4.3. Miscellaneous scaffolds and approaches
In 2007, Berlex Biosciences conducted a high-throughput screening of their internal library through a 125I-MIP-1α-binding assay on human CCR5/CD4 and found compound 37 (Figure 6) to have an IC50 = 2.2 μM in Ca2+ flux assay [89]. The study described the synthesis of 47 derivatives where the moiety at the R-position was replaced with a benzyl group, aryl group, or guanylhydrazone. It was discovered through the course of their study that the guanylhydrazone moiety of 37 was not required for potency, but rather a tertiary amine such as 38 (IC50 = 0.6 μM) was well tolerated. Compound 38 was selected for further exploration of the PK profile [90].
A new hexahydropyrrol[3,4-c]pyrrole moiety was identified through a high-throughput screening from a library of compounds at Roche [100]. The hexahydropyrrol[3,4-c]pyrrole moiety was considered to serve as a bioisostere for the tropane unit of MVC. The lead compound demonstrated excellent antiviral activity (IC50 = 7 nM) but was plagued by metabolic instability. In a subsequent report, detailed SAR around the N-substituted pyrazole subunit was conducted [101]. Efforts to optimize antiviral activity and metabolism led to compound 39 (Figure 6, antiviral IC50 = 11 nM).
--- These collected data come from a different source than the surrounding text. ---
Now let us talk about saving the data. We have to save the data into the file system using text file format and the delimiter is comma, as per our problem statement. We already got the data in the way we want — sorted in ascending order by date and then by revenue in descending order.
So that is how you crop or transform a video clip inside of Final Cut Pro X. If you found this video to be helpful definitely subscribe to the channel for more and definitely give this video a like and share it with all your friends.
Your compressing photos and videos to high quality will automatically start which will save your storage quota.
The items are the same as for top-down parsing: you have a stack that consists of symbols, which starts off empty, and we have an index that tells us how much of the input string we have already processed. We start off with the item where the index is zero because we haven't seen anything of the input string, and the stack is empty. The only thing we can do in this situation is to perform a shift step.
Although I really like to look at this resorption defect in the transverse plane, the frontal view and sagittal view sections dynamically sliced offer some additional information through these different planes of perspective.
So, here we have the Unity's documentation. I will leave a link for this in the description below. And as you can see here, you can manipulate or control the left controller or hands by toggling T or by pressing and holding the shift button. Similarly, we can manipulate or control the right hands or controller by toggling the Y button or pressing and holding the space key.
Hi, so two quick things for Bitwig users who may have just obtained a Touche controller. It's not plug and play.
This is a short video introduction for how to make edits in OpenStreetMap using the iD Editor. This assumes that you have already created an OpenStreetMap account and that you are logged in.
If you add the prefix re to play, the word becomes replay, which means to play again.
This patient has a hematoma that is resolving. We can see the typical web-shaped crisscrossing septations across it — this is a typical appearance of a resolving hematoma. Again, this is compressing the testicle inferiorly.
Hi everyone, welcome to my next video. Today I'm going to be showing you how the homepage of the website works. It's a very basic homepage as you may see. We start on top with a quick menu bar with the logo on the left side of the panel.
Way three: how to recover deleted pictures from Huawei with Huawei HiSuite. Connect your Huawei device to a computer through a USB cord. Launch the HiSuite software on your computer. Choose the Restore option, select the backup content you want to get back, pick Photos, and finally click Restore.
The authors remarked on the inability to improve in vitro metabolic stability while maintaining good antiviral activity, which ultimately lead to the abandonment of this series. In addition, two parallel series were examined where significant SAR around the secondary amide was probed to improve membrane permeability. Compounds 40 and 41 (Figure 6, antiviral IC50 = 1.2 and 17 nM, respectively) were identified as lead targets [102,103].
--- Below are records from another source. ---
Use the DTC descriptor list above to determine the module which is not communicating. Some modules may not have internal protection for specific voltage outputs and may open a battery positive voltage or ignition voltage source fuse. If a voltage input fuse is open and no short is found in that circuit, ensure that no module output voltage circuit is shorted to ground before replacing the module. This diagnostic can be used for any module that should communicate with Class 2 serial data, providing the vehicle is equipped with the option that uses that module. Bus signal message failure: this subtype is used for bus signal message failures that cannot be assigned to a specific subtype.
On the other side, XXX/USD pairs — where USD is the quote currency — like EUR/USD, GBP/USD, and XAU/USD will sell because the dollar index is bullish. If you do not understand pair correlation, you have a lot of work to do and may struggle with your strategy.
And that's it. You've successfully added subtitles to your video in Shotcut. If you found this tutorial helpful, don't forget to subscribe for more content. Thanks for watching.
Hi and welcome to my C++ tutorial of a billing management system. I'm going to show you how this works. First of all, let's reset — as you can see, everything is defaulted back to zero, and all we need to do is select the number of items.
Compound 42 (Figure 6) was discovered during an investigation of two novel series called DAB (2-phenyl-1,4-diaminobutane) and MDAB (2-methyl-2-phenyl-1,4-diaminobutane) by scientists at GSK [70]. The study revealed compound 42 from the DAB series as containing excellent potency in both HOS and PBL cells (IC50 = 8 and 1 nM, respectively) as well as moderate drug clearance in rats, but poor bioavailability.
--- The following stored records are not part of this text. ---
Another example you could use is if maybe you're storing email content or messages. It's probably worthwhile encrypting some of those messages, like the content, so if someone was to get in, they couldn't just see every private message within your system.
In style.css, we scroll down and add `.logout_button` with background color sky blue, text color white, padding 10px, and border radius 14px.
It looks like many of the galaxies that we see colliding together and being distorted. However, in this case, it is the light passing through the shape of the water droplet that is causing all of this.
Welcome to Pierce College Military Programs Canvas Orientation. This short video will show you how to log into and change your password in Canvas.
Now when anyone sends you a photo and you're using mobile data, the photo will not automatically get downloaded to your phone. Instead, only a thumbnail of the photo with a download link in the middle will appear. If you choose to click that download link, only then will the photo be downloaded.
Lemoine and coworkers broadened the scope of the hexahydropyrrol[3,4-c]pyrrole motif and synthesized an endo 5-amino-3-azabicyclo[3.3.0]octane moiety. The 5-amino-3-azabicyclo[3.3.0]octane was explored as a replacement both for the tropane subunit of MVC and for the 4-aminopiperidine subunit in both VVC (2) and INCB9471 (36) to furnish 43 and substructure 44 (Figure 6) [104,105]. Each derivative was examined in a [128I]-RANTES-binding assay and an R5 antiviral assay, and the [3,4-c]pyrrole motif was found to be a suitable replacement in MVC, VVC, and INCB9471.
Many companies and research groups have broadened their search for novel scaffolds to target CCR5. Yang and coworkers in 2006 screened secondary metabolites from the microbial extracts of fungi, actinomycetes, or bacteria [106]. A high-throughput screening utilizing a radioactive CCR5-binding assay that inhibited RANTES binding was conducted on the extracts and led to the discovery of two tetramic acids Sch210971 (45, Figure 6) and Sch210972 (46, Figure 6) with an IC50 of 1.2 μM and 79 nM, respectively. The following year, the same group identified a third metabolite Sch213766 (47, Figure 6) that had an IC50 of 8.6 μM [107]. Tetramic acid compounds are known antimicrobials, but it is the first time that it has been described to have CCR5 activity.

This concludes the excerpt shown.